Whatever your thoughts on ID, I'm sure everybody here can all agree on that.

Posted
And one thing that is true above all other things on this debate: lack of evidence is just that, lack of evidence, not support for one theory. ID has no evidence but is compatible with the literal teaching of the bible, modern science has a mountain of evidence proving, among other things, the literal teachings of the bible to be wrong. Take your pick.

 

You misunderstand, and make assumetions regarding the content of my character. I need not take my pick, as they are information, irregardless of the source, and what I am interested in is Information. I don't want a answer, I want a question.

 

I mine theorys, right or wrong, for ideas, that may lead to new ideas and new insights. In science you never prove anything right, you only prove that it is plausible. It is often the case that the major Paradigm has edged out a given theory or point of view which years later proves to be absolutely right.

 

As far as Religious based ideas go, this one actually has a plausiblity factor. It actually explains somethings. It may not explain what it means to but I have already looked at one thing that was put forth by a ID ?theoritician?, that yeilds an odd sort of insight into human history, which is a science albeit a soft one.

 

Keeping in mind that the Bible for me is a piece of fiction, and that I do not believe in the various Creation theories, not even the popular ones like Big Bang snafu.

 

Also keeping in mind that the best lie is the truth it self, and the best fiction arises from the factual.
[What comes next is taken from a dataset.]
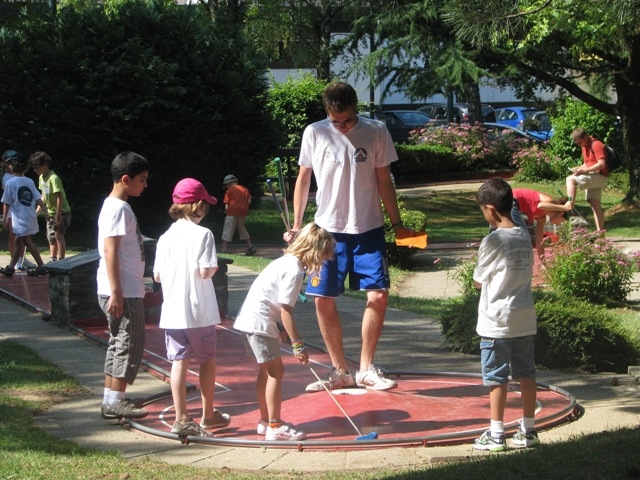 Village Camps International Summer Camp VDC Geneva 2016-08-12 https://www.villagecamps.com/journals_admin/images/128-34-IMG_3043.jpg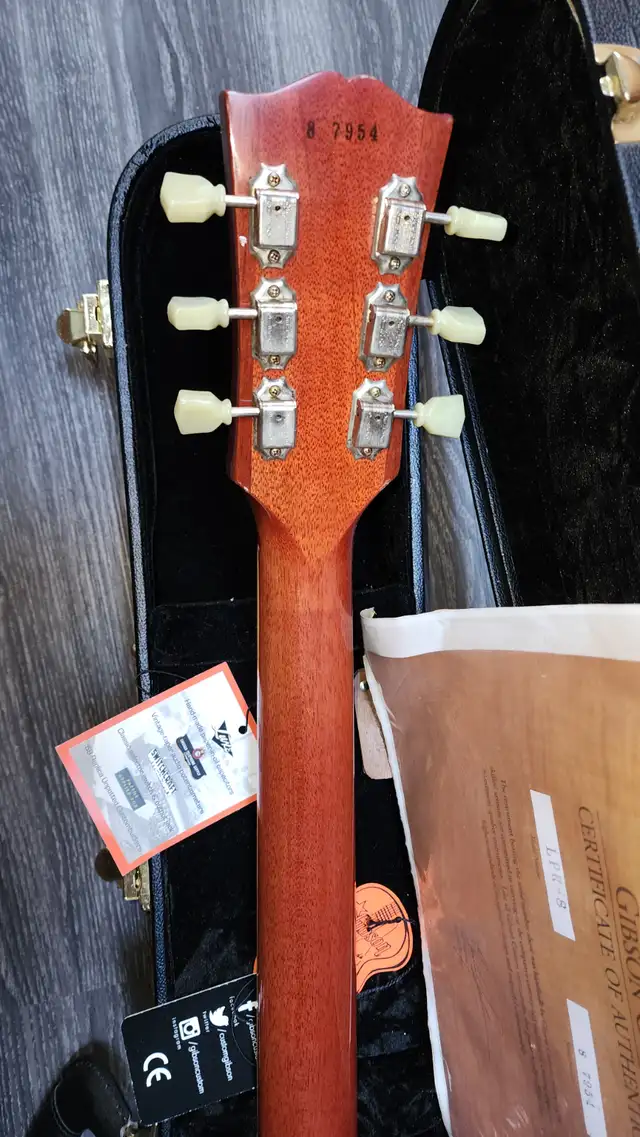 2007 Gibson Les Paul Custom Shop 1958 Reissue - VOS Finish in Guitars in London - Image 9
One can learn things about early human history, by study of the various ancient religious texts.

 

I believe that Man may have realized the concept of time 10,600 bc roughly, and I come to this conclusion from a ID observation, which would not have been made by a "hard" scientist. Innovators do what they do not because they know it can be done, but because they don't know what is possible.

 

River of Time

 

This is going to mean nothing to anyone whom is not accepting to alternate methods of analysis, that arise through irrational reasoning. As the human race is a collection of mostly irrational beings I choose to keep all senses open for interesting tidbits.